> Data under study:
──────

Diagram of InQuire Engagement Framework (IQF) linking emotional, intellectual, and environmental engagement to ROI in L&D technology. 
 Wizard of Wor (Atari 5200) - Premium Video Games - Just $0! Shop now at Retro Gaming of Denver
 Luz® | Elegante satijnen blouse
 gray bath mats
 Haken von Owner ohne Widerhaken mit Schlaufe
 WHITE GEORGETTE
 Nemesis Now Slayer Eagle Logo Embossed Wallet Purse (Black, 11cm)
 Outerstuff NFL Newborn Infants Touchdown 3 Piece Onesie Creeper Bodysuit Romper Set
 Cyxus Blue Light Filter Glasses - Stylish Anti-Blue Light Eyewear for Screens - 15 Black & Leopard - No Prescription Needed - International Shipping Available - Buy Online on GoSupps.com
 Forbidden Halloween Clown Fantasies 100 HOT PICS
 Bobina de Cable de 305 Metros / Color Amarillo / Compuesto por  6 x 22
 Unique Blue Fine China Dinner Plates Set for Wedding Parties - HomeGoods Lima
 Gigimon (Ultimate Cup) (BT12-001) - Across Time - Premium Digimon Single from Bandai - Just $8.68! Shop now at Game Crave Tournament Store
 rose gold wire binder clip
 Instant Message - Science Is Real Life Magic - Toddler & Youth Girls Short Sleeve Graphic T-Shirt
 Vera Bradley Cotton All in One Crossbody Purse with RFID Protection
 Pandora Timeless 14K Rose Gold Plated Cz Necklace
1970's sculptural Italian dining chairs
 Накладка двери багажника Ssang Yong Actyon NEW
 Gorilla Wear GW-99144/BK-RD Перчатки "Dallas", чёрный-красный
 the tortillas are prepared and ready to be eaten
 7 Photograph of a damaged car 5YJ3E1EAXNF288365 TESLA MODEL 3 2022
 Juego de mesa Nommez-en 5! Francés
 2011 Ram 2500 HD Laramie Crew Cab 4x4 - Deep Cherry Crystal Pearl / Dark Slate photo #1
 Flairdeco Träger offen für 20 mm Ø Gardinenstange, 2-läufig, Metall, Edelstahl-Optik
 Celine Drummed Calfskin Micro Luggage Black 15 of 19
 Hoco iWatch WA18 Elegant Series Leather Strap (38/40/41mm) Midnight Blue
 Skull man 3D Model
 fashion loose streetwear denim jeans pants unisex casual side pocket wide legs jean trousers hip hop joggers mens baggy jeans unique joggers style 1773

──────

> To do: The entries above must be retyped exactly, down to the last character.

> Written reply:
Diagram of InQuire Engagement Framework (IQF) linking emotional, intellectual, and environmental engagement to ROI in L&D technology. 
 Wizard of Wor (Atari 5200) - Premium Video Games - Just $0! Shop now at Retro Gaming of Denver
 Luz® | Elegante satijnen blouse
 gray bath mats
 Haken von Owner ohne Widerhaken mit Schlaufe
 WHITE GEORGETTE
 Nemesis Now Slayer Eagle Logo Embossed Wallet Purse (Black, 11cm)
 Outerstuff NFL Newborn Infants Touchdown 3 Piece Onesie Creeper Bodysuit Romper Set
 Cyxus Blue Light Filter Glasses - Stylish Anti-Blue Light Eyewear for Screens - 15 Black & Leopard - No Prescription Needed - International Shipping Available - Buy Online on GoSupps.com
 Forbidden Halloween Clown Fantasies 100 HOT PICS
 Bobina de Cable de 305 Metros / Color Amarillo / Compuesto por  6 x 22
 Unique Blue Fine China Dinner Plates Set for Wedding Parties - HomeGoods Lima
 Gigimon (Ultimate Cup) (BT12-001) - Across Time - Premium Digimon Single from Bandai - Just $8.68! Shop now at Game Crave Tournament Store
 rose gold wire binder clip
 Instant Message - Science Is Real Life Magic - Toddler & Youth Girls Short Sleeve Graphic T-Shirt
 Vera Bradley Cotton All in One Crossbody Purse with RFID Protection
 Pandora Timeless 14K Rose Gold Plated Cz Necklace
1970's sculptural Italian dining chairs
 Накладка двери багажника Ssang Yong Actyon NEW
 Gorilla Wear GW-99144/BK-RD Перчатки "Dallas", чёрный-красный
 the tortillas are prepared and ready to be eaten
 7 Photograph of a damaged car 5YJ3E1EAXNF288365 TESLA MODEL 3 2022
 Juego de mesa Nommez-en 5! Francés
 2011 Ram 2500 HD Laramie Crew Cab 4x4 - Deep Cherry Crystal Pearl / Dark Slate photo #1
 Flairdeco Träger offen für 20 mm Ø Gardinenstange, 2-läufig, Metall, Edelstahl-Optik
 Celine Drummed Calfskin Micro Luggage Black 15 of 19
 Hoco iWatch WA18 Elegant Series Leather Strap (38/40/41mm) Midnight Blue
 Skull man 3D Model
 fashion loose streetwear denim jeans pants unisex casual side pocket wide legs jean trousers hip hop joggers mens baggy jeans unique joggers style 1773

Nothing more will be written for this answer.